- Roberts Location in Argentina
- Coordinates: 35°09′S 61°57′W﻿ / ﻿35.150°S 61.950°W
- Country: Argentina
- Province: Buenos Aires
- Partido: Lincoln
- Founded: 1916
- Elevation: 90 m (300 ft)

Population (2010 census [INDEC])
- • Total: 2,982
- CPA Base: B 6075

= Roberts, Buenos Aires =

Roberts is a town in the Lincoln Partido of Buenos Aires Province, Argentina. It has two football teams, a police station, a fire station, a cultural center, a primary school, a secondary school, churches, an airfield, hotels, restaurants, and shops, among other amenities.

==Etymology==
Roberts was named after John Roberts, who was the first manager of the Western Railway.

==History==
In January 1903, the train station was inaugurated. A small town gradually formed around it, basing its economy on agricultural production. In the 1940s, the town experienced significant growth. Numerous businesses and industries flourished. The community had School No. 25, the José Ingenieros Library, and the Roberts Social Club; in addition, there were the Polo Club, the Roberts Athletic Club, the San Martín Social Club, and the Spanish, Cosmopolitan, and Italian mutual aid societies. In the lands surrounding Roberts, agricultural activity thrived, represented by grain producers, ranches, dairies, and pig farms.
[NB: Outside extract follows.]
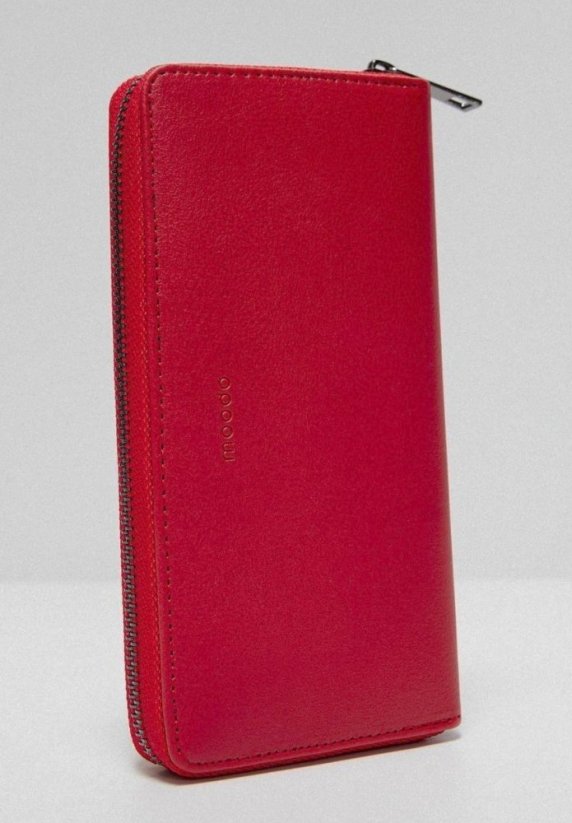 Peňaženka Moodo Z-PO-3602 red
It has been traditionally maintained that the founding date was 11 November 1916, the day the land that forms the basis of the town was auctioned off. However, according to reports from the public auctioneer Francisco Costa, it can be confirmed that this auction did not take place on 11 November 1916, but rather on 3 February 1918. The auction did not take place in the Hotel Argentino in Lincoln, but in Roberts itself, on the very same land being auctioned, with payment due in two years. In any case, setting aside the uncertainty regarding the date of the auction, it is not believed that this date should be considered the founding date. All towns and cities in the country use the date recorded in the founding document as their founding date, or at least, in the case of newer cities, the date of the decree approving their layout. However, it is unknown whether a founding document for Roberts ever existed or still exists, but the date of the decree is known, and it is known that this decree was approved on 26 May 1916. In other words, the founding date has been delayed by 168 days. It is believed that on 11 November 1916, only the land that would be divided into lots was marked out. The boundaries were marked, fences were erected, and the strips of plowed land would become the streets, all 20 meters wide, as specified in the plan. Nevertheless, the town of Roberts celebrates its anniversary on 11 November of each year, and this date has largely been ingrained in the local culture.

==Demographics==
It had 2,982 inhabitants (according to the 2010 census), which represents an increase of 1.4% compared to the 2,939 inhabitants (INDEC, 2001) of the previous census.